思へどもなほ飽かざりし夕顔の露に後れし心地を 年月経れど 思し忘れず ここもかしこも うちとけぬ限りの 気色ばみ心深きかたの御いどましさに け近くうちとけたりしあはれに 似るものなう恋しく思ほえたまふ
大構造と係り受け
古語探訪
夕顔の露に後れし心地 06001
五七調の散文詩になっている。「夕顔」は女性の名であり、はかない花の夕顔をかける。
露に後れ 06001
女が露のようにはかなく亡くなり、自分は死に後れたということ。
年月経れど 06001
夕顔の死より六ヶ月しか経っていないが、年をまたぐために、この表現が使われたと説明されている。確かにこの表現は、年をまたぐことで成立するには違いないが、そうした物理的時間がこれこれであると突き止めることに意味があるとは思えない。夕顔を失ってから光の生きた時間、藤壺の懐妊、葵の嫉妬、六条御息所(らしき女性)との関係、若紫の発見など、濃密な時間が経たのにかかわらず、夕顔のことが忘れられないのである。

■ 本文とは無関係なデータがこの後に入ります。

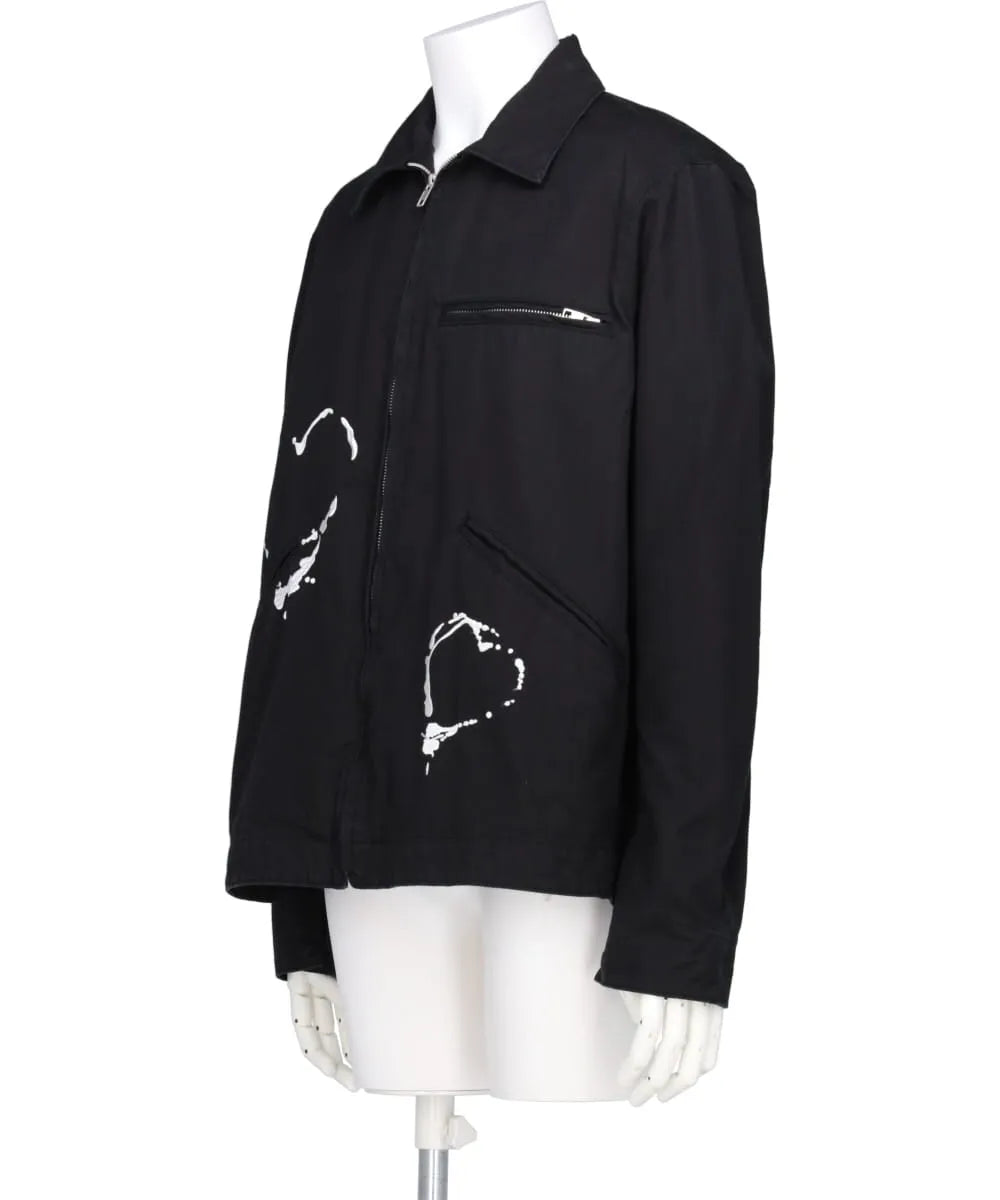 WOVEN EMBROIDERY WASHED WORK JACKET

ここもかしこもうちとけぬ限りの気色ばみ心深き方の御いどましさにけ近くうちとけたりしあはれに似るものなう恋しく 06001
文構造と意味の両面で問題がある。先ず諸訳を見てみよう。A「このお方もあのお方も気のおける方々ばかりで、もったいぶってみたり心用意の深さを見せようとしたり、そうした面で張り合われるという有様だから」。問題はいろいろあるが細かい点はあとにして、どの注も「ここもかしこも」に対して、葵であり六条御息所であると説くのだが、六条御息所についてはこれまで具体的には何一つ表立って語られていないので不問に付すとして、いったい、葵が心用意の深さを光に示したことがあったろうか。
では、どのように解釈すべきか。こういう時にはすべきことは、問題の語が、源氏物語の他の箇所でどのように使われているかを見ることである。幸い、ネット上で検索が可能である。すると、「気色ばみ」はふつう、嫉妬をしてみせることの意味で使われており、これは悪い行いではなく、一種の愛情となっていることがわかるし、「心深し」は愛情深いの意味であり、他の訳にあるような教養があるという意味ではない。すると、「気色ばみ心深き」は、よいことになり、いよいよ混乱するが、ここからしかもつれはほぐせない。
まず、「うちとけぬ限りの……御いとましさ」と「け近くうちとけたりし」が対立することを押さえる。「気色ばみ心深き方の御いどましさ」は、嫉妬をみせたり愛情示したりする面での意地の張り合い。これ全体に対して、「うちとけぬばかりの」がかかる。この「の」は主格とも連体格ともとれる。通して訳すと、こちらでもあちらでも、心の通わない者ばかりが、嫉妬をしてみせたり愛情を示したりする場面で、意地を張り合う、となる。あるいは「うちとけぬばかりの」を程度ととり、ここでもあちらでも、心が決して通わないやり方で、嫉妬してみせたり愛情を示したりする場面で、意地を張り合う。
「御いどましさ」は、女同士の張り合いと解釈されているが、具体的に書かれていない御息所はともかく、葵が、他の女と張り合い、光に愛情を示したことはないので、光に対して、愛情を示すべき場面で意地を張ってしめさない、あるいは、素直なやりかたをしないと解釈すべきである。そう読んでこそ、葵や御息所と夕顔が対立するのである。
似るものなう 06001
音便は例により、中止法でなく連用修飾ととる。すなわち、「恋しく」を修飾する。